The Brotherhood's plans in Libya

"We should not exclude the prospect of transforming Libya into an alternative homeland for the Brotherhood," says analyst Abdul Rahman Al Rashed in Al-Sharq Al-Awsat. “In Libya, the adjacent country, we notice that the goals of war are changing. The fighting is no longer over the establishment of a Libyan government. Rather, the goal seems to be to make Libya the alternative country for the Egyptian Brotherhood group to be incubated and established," he adds.

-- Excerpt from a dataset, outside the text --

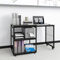 PUNCIA Large Printer Stand with Storage Shelves,Extendable Home Craft Table,Home Office Organization Desk, Versatile Table Space Saving for Office, Kitchen, Study Room, Living Room (Black)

At this point, it should be remembered that the organization has been under increasing pressure in recent times to cease its activities and reduce its influence in Arab countries where it had managed to permeate virtually all layers of society with its agenda, such as Egypt, its home nation, or Sudan, where Prime Minister Abdalla Hamdok has undertaken a real battle to banish the Brotherhood from its territory. "Given the growing Turkish military presence in the country, it seems inevitable that Libya will become the new home of the Egyptian opposition," he says. 

This line is also taken by analyst Samir Salama in Gulf News: "Turkey wants to turn Libya into alternative country for Brotherhood" he says. "As for why Turkey wants to make Libya a Brotherhood state project, it is to compensate for their losses in Egypt and Sudan. The truth is that Libya, unlike Egypt, was not the land of the Brotherhood, except from a small group that had been active after the fall of the regime of Muammar Gaddafi". "Turks see in Libya oil and geography. It is a country that, when tightly controlled, is able to support the activities of Turkey, which depends for its current crisis on Doha, and a land bordering Egypt and Sudan, in which the group had deep extensions," Al Rashed concludes.